Please print, exactly as written, the line containing "14148 Highweed Dr, Horizon" and each line after it through the end of the material; pictures stay out.
** Source data follows **
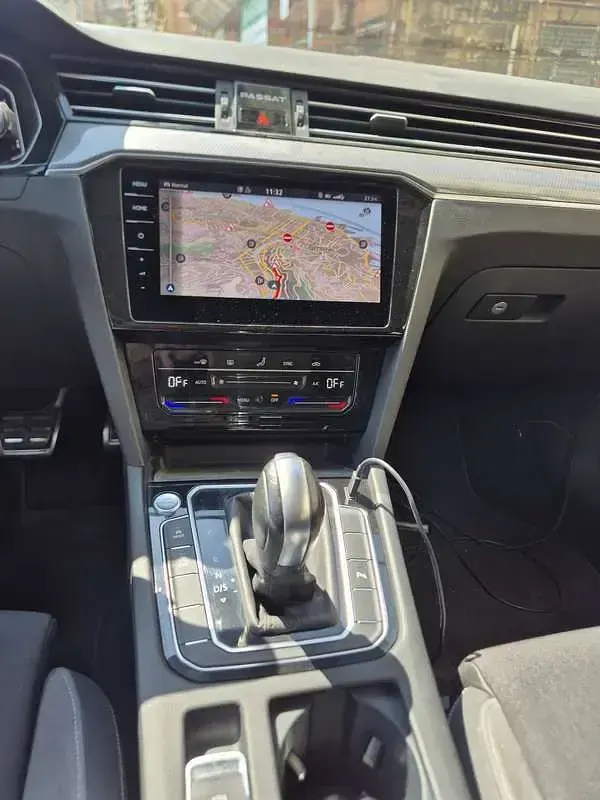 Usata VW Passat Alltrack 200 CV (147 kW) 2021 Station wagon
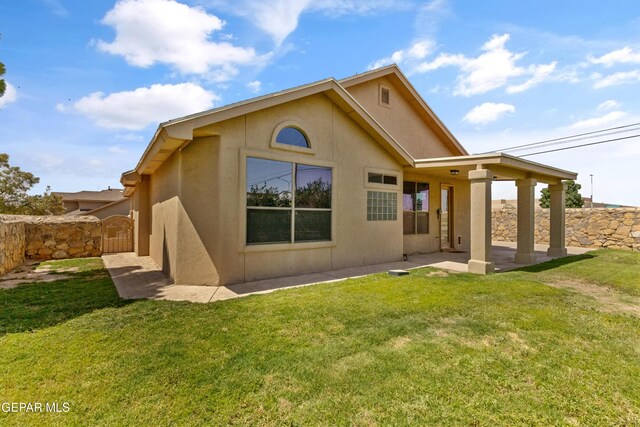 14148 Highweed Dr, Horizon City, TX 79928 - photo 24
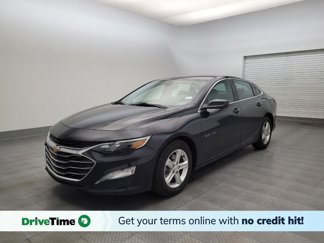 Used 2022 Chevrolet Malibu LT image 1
** End of Source data **
→ **Problem solution**:
 14148 Highweed Dr, Horizon City, TX 79928 - photo 24
 Used 2022 Chevrolet Malibu LT image 1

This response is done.